While I was in there, I noticed another potential race, also in direct mode, where the watcher could decide to rewrite a symlink to fix its target, and at just the wrong time direct mode content could arrive in its place, and so get deleted. Fixed that too.
Seems likely there are some other direct mode races. I spent quite a while hammering on dealing with the indirect mode races with the assistant originally.
Next on my list is revisiting XMPP.
Verified that git push over XMPP works between multiple repositories that are sharing the same XMPP account. It does.
Seeing the XMPP setup process with fresh eyes, I found several places wording could be improved. Also, when the user goes in and configures (or reconfigures) an XMPP account, the next step is to do pairing, so it now redirects directly to there.
Next I need to make XMPP get back into sync after a network disconnection or when the assistant is restarted. This currently doesn't happen until a XMPP push is received due to a new change being made.
back burner: yesod-pure
Last night I made a yesod-pure branch, and did some exploratory conversion away from using Hamlet, of the Preferences page I built yesterday.
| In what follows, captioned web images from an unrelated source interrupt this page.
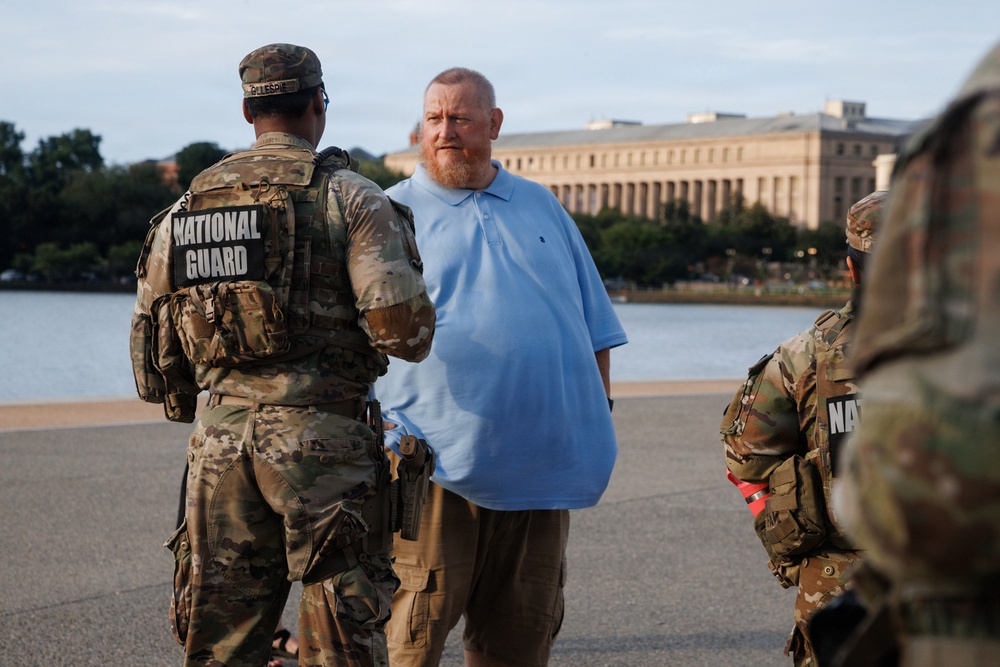 Mississippi Guardsmen Patrol Jefferson Memorial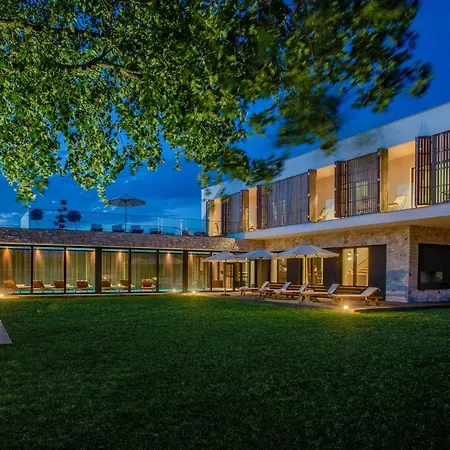 Villa Yellow Tree Jurici & Baderna
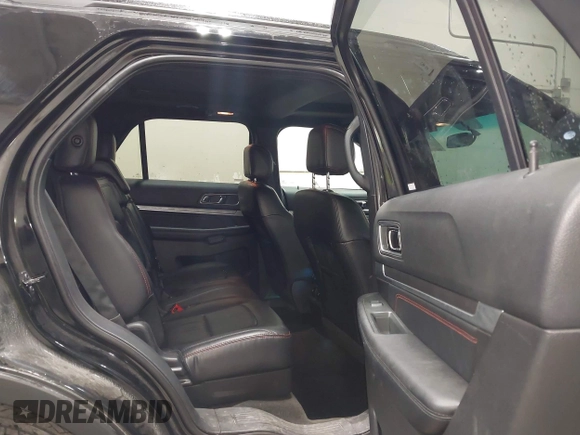 2017 Ford Explorer Sport z VIN 1FM5K8GT1HGB00329, wystawiony jako IAAI lot #42702719 z przebiegiem 102 877 mil mil oraz . Historia ofert i sprzedaży dostępna na DreamBid. Obrazek 8.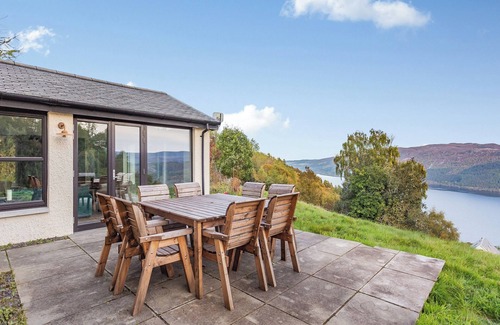 East Lewiston Cottage | Elevated Lodge with Lake Views Near Loch Ness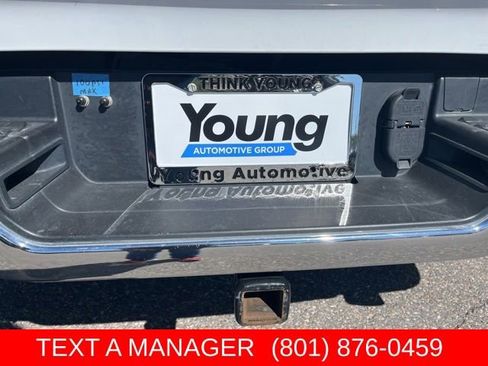 Used 2022 RAM 1500 Laramie AWD/4WD image 13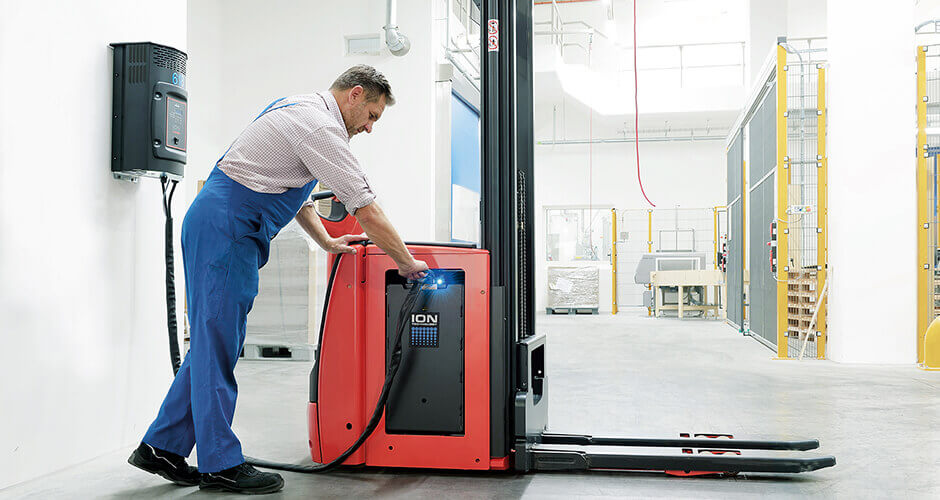 Tips voor veilig batterij onderhoud magazijntrucks en heftrucks voor een optimale levensduur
I was actually finding writing pure Blaze worked better than Hamlet, at first. Was able to refactor several things into functions that in Hamlet are duplicated over and over in my templates, and built some stuff that makes rendering type safe urls in pure Blaze not particularly ungainly. For example, this makes a submit button and a cancel button that redirects to another page:
buttons = toWidget $ \redir ->
"Save Preferences" <>|<> redir ConfigurationR []
The catch is how to deal with widgets that need to be nested inside other html. It's not possible to do this both cleanly and maximally efficiently, with Blaze. For max efficiency, all the html before the widget should be emitted, and then the widget run, and then all html after it be emitted. To use Blaze, it would have to instead generate the full html, then split it around the widget, and then emit the parts, which is less efficient, doesn't stream, etc.
I guess that's the core of what Hamlet does; it allows a clean representation and due to running TH at build time, can convert this into an efficient (but ugly) html emitter.
So, I may give up on this experiment. Or I may make the webapp less than maximally fast at generating html and go on with it. After all, these sorts of optimisations are mostly aimed at high-volume websites, not local webapps.